▸ RECORDS SUPPLIED
Start of Block
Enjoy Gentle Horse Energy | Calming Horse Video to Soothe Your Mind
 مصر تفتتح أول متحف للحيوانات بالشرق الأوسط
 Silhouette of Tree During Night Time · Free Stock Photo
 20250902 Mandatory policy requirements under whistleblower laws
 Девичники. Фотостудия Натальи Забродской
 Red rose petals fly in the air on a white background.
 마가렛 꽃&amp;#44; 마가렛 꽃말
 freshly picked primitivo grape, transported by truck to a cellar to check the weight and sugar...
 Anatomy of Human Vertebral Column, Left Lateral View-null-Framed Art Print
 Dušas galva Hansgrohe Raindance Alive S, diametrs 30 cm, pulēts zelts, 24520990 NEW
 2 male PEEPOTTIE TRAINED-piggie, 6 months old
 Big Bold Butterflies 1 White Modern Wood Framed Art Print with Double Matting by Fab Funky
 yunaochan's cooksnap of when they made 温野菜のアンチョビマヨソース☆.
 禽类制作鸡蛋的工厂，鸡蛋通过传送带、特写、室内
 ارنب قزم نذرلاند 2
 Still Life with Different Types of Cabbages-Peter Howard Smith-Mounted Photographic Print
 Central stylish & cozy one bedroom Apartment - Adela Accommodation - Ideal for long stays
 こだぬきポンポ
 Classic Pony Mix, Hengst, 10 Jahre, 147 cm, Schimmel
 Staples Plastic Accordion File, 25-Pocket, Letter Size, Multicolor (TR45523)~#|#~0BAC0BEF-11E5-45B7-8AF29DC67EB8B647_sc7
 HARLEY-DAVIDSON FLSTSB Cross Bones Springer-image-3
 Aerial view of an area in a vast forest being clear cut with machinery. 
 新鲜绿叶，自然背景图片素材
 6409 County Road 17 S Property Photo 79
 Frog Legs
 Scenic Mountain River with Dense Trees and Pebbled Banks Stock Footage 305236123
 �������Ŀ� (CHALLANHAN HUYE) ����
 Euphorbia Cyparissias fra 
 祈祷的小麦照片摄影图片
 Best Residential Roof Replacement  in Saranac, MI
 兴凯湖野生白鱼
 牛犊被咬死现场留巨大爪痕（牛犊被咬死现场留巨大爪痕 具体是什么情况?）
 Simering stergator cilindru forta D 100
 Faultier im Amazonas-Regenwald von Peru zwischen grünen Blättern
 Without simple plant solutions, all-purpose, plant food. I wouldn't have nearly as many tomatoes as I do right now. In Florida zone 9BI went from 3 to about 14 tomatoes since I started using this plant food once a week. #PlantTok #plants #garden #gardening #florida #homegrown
End of Block
▸ GOAL OF THE EXERCISE
State how many lines in the listing above contain "Print". Offer nothing besides that number.

▸ TASK SOLUTION
3